Occupied City: Life in Civil War Alexandria
Exhbition Open through September 2013
Few Americans have ever experienced occupation of their community by the military, and a restricted life under martial law, and yet Alexandrians spent the duration of the Civil War living this way. The majority of residents opposed secession at first, proud of their ancestral role in helping to form the Union, and as the hometown of George Washington. However, swept up with others in the war fever that gripped the South following the attack on Fort Sumter, and President Abraham Lincoln’s call for men to put down “the rebellion,” many Alexandrians left for war and never returned. Those who stayed behind were often eyed suspiciously, treated as traitors, had their homes and businesses seized for government use, and made to endure repressive and arbitrary policies. Those who left and were fortunate enough to return found their town significantly changed in many ways.
From the contemporary accounts that have survived, it appears that residents settled into a new routine with the Union Army in town, and got used to massive construction projects, piles of equipment, men in uniform everywhere, and the wounded from both sides filling buildings across town. Behind it all was the constant sound of heavy horse-drawn freight wagons and puffing trains moving tons of supplies. Also new were hundreds of additional African American faces . . . former slaves, freed by the war and by the Emancipation Proclamation, who moved north behind Union lines to find work, homes, and new lives in freedom. They built houses, businesses, churches and schools, many of which still exist today, and their families endured and prospered.

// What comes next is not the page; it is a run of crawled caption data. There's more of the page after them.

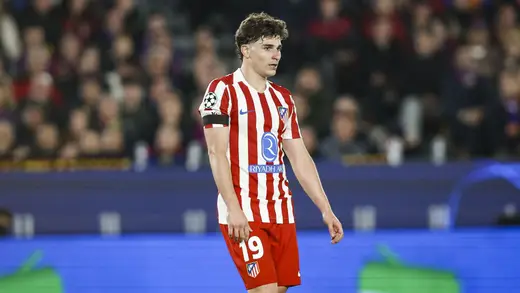 Julian Alvarez Sad Over Atletico Standoff with Barcelona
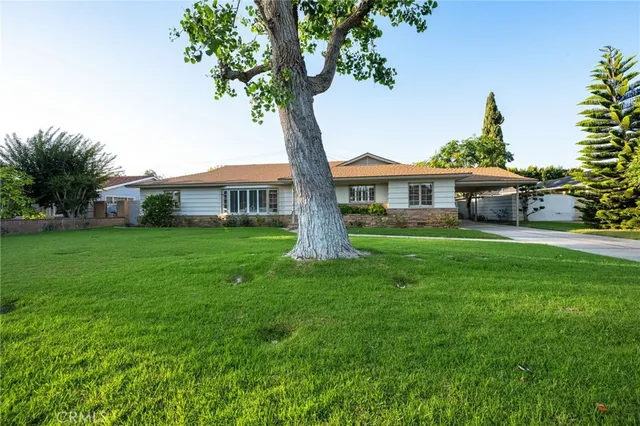 $1,595,000 | 1101 Sharon Road, Santa Ana, CA 92706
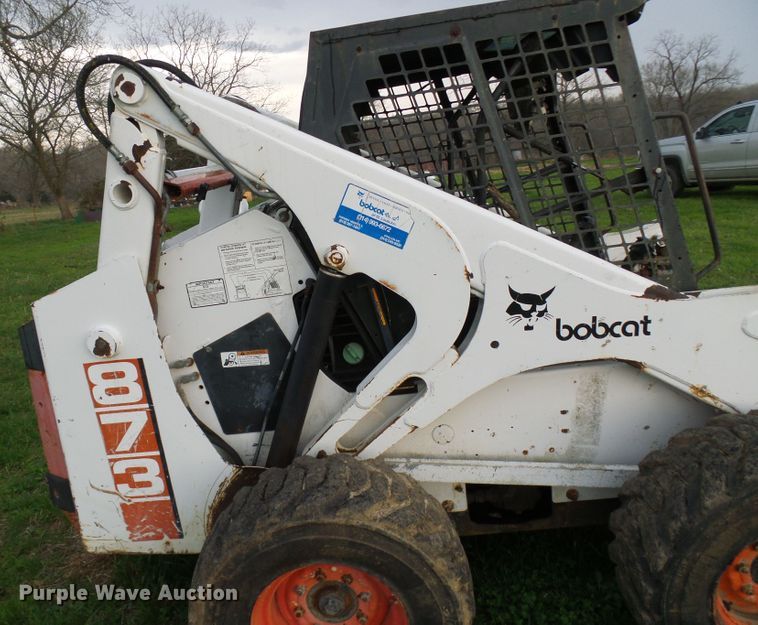 image for item DG5613 Bobcat 873  skid steer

This exhibition examines the experiences of Alexandrians and others who lived through this period in our city and much of the story is told by these people themselves, as their words appear throughout. As you tour the exhibition, think about some of the war’s causes and legacies: the interaction of the government and the governed in times of crisis; the rights of individuals during similarly stressful periods; and the meaning of the Civil War for us today.